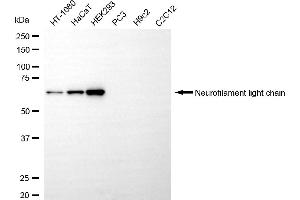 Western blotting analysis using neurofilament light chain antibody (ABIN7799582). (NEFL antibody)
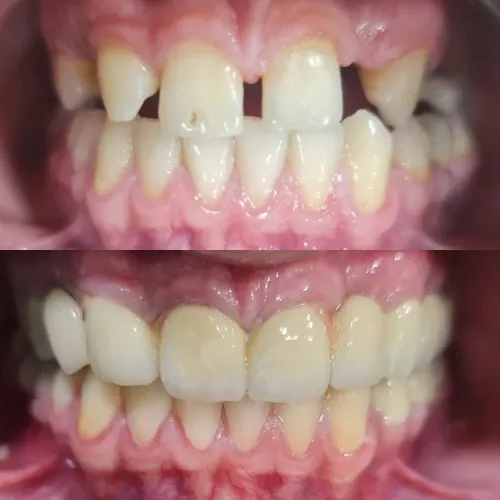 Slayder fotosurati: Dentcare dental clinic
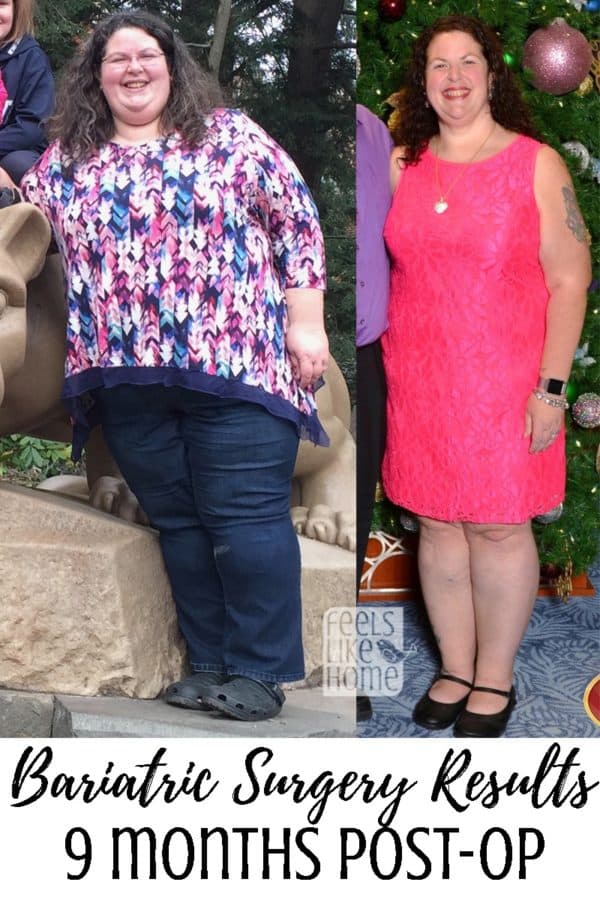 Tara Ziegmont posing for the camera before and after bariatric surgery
◆ ◆ ◆ ◆ ◆ ◆ ◆
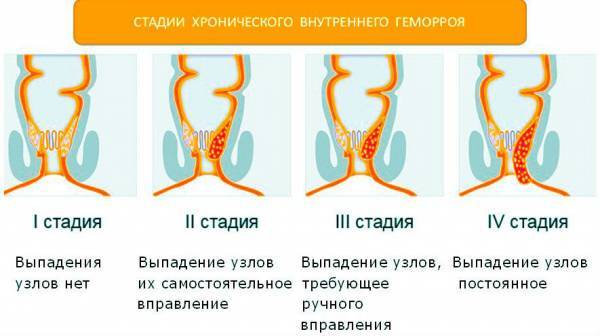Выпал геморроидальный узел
◆ ◆ ◆ ◆ ◆ ◆ ◆
== ACTIVITY ==
Take the material above from the line containing "Slayder fotosurati: Dentcare dental clinic" up to and including the line containing "Tara Ziegmont posing" and retype it exactly, without any pictures.

== SOLUTION ==
 Slayder fotosurati: Dentcare dental clinic
 Tara Ziegmont posing for the camera before and after bariatric surgery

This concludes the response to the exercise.